“This morning, police told us that they were going to sweep us again if we didn’t take them down,” Hadi said Tuesday. Protestors complied, and removed the tents but remained at the site as of Tuesday afternoon.
The response from administration and campus police has been “repressive,” Hadi said, but many protesters intend to stay.
“As the first graduate health care institution to set up something like this, we need to show up,” Hadi told KQED. “I know we have a lot at stake but we’re hitting a sore spot and we need to keep escalating because the health care infrastructure in Palestine is being — has been — decimated.”
The camp is the latest to spring up at a UC campus, which have now each had a camp protesting the Israeli offensive in Gaza. UCSF’s camp is meant to be in solidarity with those at the other UC campuses and the scores of others at universities across the U.S., said Jess Ghannam, a professor of psychiatry and global health at UCSF.
“We’re part of a very large movement right now that is in line with our free speech and academic freedom rights to speak and to demonstrate,” said Ghannam. “What seems really different about what’s happening now is the intensity of the aggressive response, with lack of negotiation, with lack of any attempt to engage in a discussion about what the demands are.”
The protesters had been informed multiple times prior to Monday’s police action that their camp was in violation of fire codes and the university’s “policies governing expressive activities,” according to a UCSF statement.
An update posted on ucsf4palestine’s Instagram Tuesday said the university has “deep ties and allegiance” to Israel, through partnerships with Israeli-aligned organizations like the Helen Diller Foundation, which has donated at least $1 billion to UCSF, according to its website.

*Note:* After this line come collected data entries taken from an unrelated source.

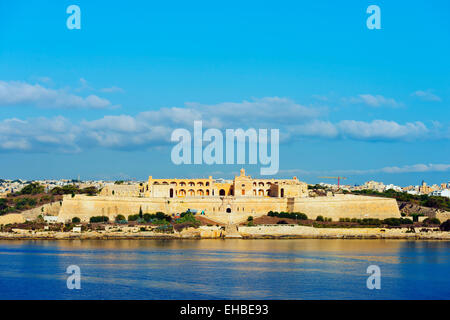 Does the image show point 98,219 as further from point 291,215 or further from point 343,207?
point 343,207

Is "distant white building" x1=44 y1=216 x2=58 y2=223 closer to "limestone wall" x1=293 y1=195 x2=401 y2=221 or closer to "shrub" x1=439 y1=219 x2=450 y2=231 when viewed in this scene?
"limestone wall" x1=293 y1=195 x2=401 y2=221

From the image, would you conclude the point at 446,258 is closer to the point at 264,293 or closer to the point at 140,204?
the point at 264,293

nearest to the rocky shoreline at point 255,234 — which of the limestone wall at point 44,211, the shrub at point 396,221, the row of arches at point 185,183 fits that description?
the shrub at point 396,221

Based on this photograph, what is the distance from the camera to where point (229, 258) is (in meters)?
24.7

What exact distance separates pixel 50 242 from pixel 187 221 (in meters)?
8.15

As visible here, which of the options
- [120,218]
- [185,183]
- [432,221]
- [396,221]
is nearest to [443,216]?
[432,221]

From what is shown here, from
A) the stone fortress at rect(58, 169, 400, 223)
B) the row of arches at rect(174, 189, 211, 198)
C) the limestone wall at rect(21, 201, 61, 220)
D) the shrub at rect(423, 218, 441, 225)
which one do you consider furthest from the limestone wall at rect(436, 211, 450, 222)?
the limestone wall at rect(21, 201, 61, 220)

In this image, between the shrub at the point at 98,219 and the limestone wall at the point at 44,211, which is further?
the limestone wall at the point at 44,211

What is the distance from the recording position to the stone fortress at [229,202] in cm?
3825

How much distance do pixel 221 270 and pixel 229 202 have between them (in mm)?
19372

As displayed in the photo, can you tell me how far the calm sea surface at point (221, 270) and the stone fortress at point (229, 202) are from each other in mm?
7470

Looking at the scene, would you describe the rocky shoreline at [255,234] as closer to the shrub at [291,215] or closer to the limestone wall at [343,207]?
the shrub at [291,215]

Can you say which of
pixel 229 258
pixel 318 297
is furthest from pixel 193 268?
pixel 318 297

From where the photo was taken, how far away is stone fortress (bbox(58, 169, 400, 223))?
38250 mm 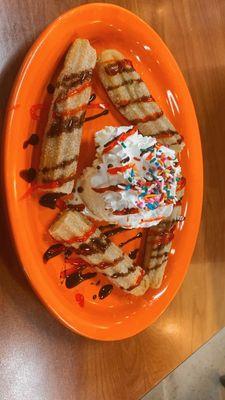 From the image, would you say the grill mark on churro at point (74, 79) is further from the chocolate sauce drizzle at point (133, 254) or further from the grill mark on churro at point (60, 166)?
the chocolate sauce drizzle at point (133, 254)

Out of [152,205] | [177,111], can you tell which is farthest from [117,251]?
[177,111]

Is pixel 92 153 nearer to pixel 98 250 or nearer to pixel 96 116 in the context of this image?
pixel 96 116

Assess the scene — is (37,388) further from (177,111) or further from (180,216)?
(177,111)

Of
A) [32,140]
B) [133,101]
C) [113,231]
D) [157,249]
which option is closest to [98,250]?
[113,231]

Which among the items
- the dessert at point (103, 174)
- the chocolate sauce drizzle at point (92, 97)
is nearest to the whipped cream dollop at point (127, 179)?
the dessert at point (103, 174)

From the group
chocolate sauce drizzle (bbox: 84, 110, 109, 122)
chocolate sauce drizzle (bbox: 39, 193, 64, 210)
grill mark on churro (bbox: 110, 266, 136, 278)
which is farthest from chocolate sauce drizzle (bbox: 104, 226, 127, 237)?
chocolate sauce drizzle (bbox: 84, 110, 109, 122) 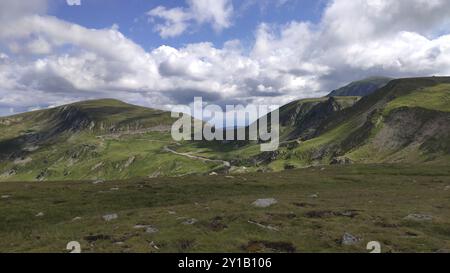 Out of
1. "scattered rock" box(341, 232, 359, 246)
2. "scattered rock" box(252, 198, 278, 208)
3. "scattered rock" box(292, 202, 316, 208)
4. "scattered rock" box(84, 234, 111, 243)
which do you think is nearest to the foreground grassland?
"scattered rock" box(84, 234, 111, 243)

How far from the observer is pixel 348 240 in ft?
96.9

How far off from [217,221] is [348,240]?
12011 mm

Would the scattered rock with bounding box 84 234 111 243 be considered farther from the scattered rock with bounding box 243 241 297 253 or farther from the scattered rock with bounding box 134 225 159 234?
the scattered rock with bounding box 243 241 297 253

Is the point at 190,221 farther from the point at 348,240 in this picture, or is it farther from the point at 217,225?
the point at 348,240

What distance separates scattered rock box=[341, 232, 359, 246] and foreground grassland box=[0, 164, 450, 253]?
0.32 meters

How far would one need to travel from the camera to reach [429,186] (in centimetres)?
6856

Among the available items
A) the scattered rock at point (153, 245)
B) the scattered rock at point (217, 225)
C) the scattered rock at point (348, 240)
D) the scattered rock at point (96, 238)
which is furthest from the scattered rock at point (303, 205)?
the scattered rock at point (96, 238)

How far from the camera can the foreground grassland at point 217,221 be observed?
29.8 metres

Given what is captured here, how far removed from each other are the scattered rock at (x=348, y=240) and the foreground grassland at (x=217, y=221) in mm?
323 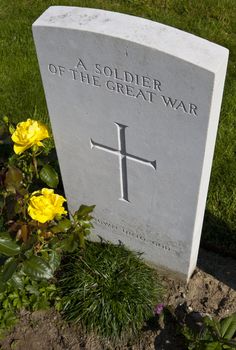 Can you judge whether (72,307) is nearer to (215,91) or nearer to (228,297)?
(228,297)

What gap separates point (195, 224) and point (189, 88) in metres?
0.82

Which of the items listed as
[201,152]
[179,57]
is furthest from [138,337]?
[179,57]

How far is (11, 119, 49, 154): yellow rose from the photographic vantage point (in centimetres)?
233

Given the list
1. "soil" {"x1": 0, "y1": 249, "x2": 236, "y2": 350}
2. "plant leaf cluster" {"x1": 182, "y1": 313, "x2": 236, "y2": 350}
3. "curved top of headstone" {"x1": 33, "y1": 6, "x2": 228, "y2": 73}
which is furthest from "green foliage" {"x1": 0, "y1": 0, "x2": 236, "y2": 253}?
"curved top of headstone" {"x1": 33, "y1": 6, "x2": 228, "y2": 73}

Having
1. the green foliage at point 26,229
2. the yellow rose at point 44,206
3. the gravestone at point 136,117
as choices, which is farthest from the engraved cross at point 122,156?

The post also listed demands directed at the university’s chancellor including to “divest from all companies, programs, and organizations profiting from and aiding the occupation and genocide.”
A UCSF spokesperson declined to comment on the university’s affiliations.
The post also said protestors were “alarmed” that an “institution that prides itself as a leader in global health would stay silent at the utter destruction of hospitals in Gaza.”
Meanwhile, at the University of San Francisco, administrators gave students a 3 p.m. deadline to voluntarily leave the encampment on Welch Field without facing internal discipline for violating “time, place, and manner restrictions” on protests, university officials wrote to encampment representatives after a meeting Monday.